I think my theory is correct-

For input #1, you have the 1M to ground, and after that, 34K in series to the grid. There is virtually no current flow through the 34K, so whatever voltage is at the top of the 1M will show up at the grid. The series resistance after the 1M doesn't matter.

For input #2, you have a voltage divider made up of two 68K resistors (the 1M is shorted). That cuts the signal at the grid in half, but any two equal-valued resistors would do the same, as all the current is flowing to ground. The impedance seen by the guitar is the two 68K's in series, or 136K.

MPM

Whatever Martin. You believe what you want to believe but I suggest you do some hands on testing to verify your theory.

Ok, now that you explain it that way, it makes sense.

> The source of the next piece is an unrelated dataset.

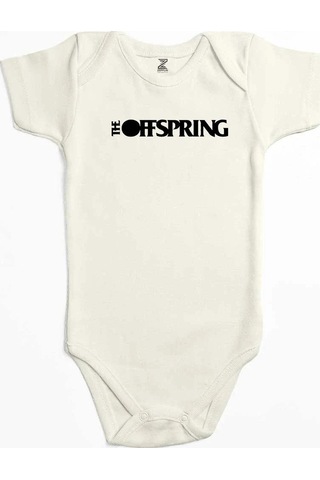Zepplin Giyim The Offspring Text Sarı Bebek Body Zıbın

Thank you!

Ok Martin, I slept on it and I think I understand where you are coming from on this. I get the resistance to ground for signal loss point. I'm not sure the statement that any two same value resistors would perform the same however. I'll have to slap in some 1 meg resistors in place of the standard 68k values and test that theory out. Somehow I think I'll find a huge reduction in signal on the grid but maybe you're correct.

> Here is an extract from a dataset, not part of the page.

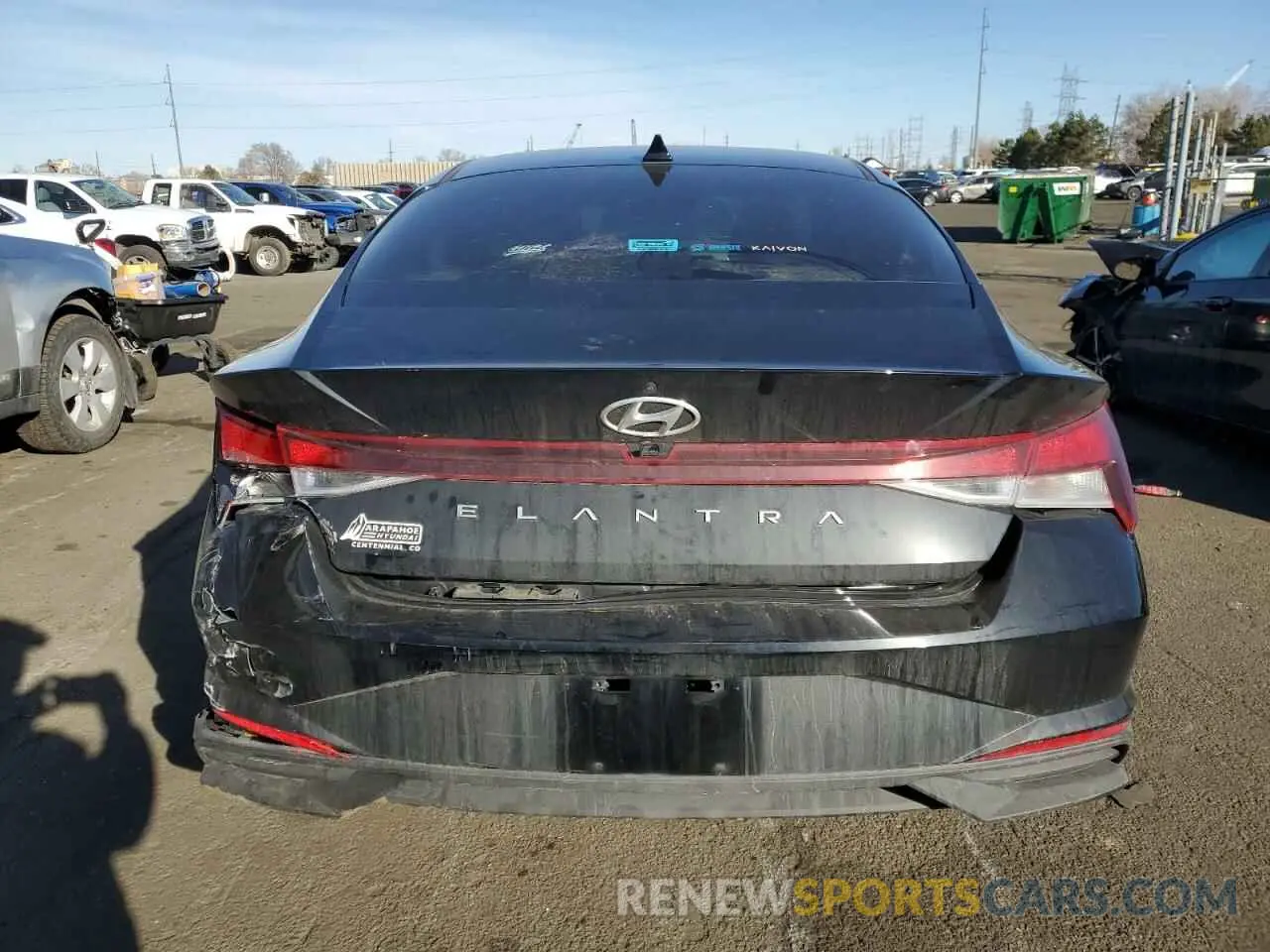 6 fotografías del automóvil dañado 5NPLM4AG1PH095590 HYUNDAI ELANTRA 2023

Back to the original question of "what for?" remember that in the good ol' days PA systems were slow to develop. Most small combo groups did not have PA's, and what was available looked like another guitar amp anyway. Your guitar amp was your PA. Mic in one and guitar in the other. The hi-low option is for the user to to suit himself based on his equipment and the guidance of information already posted.

or for mic'-ing a harp?

Okay, cool, I'm interested to hear what you find out, since I've never tried it myself. For the input #2 case, the two 68K resistors will cut signal to the grid in half, and show input imedance of 136K. If you put in two 1M, then you still have half the signal at the grid as you have at the tip of the cable, but now you have 2M input impedance. You won't load down the source as much, and that in itself will affect the signal level at the grid. In that respect the 1M's won't perform exactly the same as the 68K's. Also, the high frequency break point will move down to 1.5 or 3 kHz. Going from 68K to 1M is a huge change, far from the 2x difference between 34K and 68K as seen in the original #1 vs #2 inputs.

MPM

Well the way I've had it explained to me by the pros, a voltage divider works on the ratio of the two resistors. The actual size of the resistors affects the amount of current getting through (and there is virtually no current on a grid anyway - unless its forward grid current - but that's another story), but it is the resistors' ratio that determines the voltage, e.g.;

The 1M is the bottom leg of the divider, so the voltage across it will be its percent of the whole resistance times the voltage. If you used a 100k ground leg resistor and 3k4 series resistor, the same voltage division would occur, except now there would be only 103k4 in total and therefore more of a load on the input device (because more of the already insignificant current would be getting to ground, so maybe you would opt for a 470k ground leg resistor and 16k series resistor?) As long as the overall resistance is high enough to prevent loading, use any resistor values you want as long as the ratio between them yields the voltage you want.

JM2CW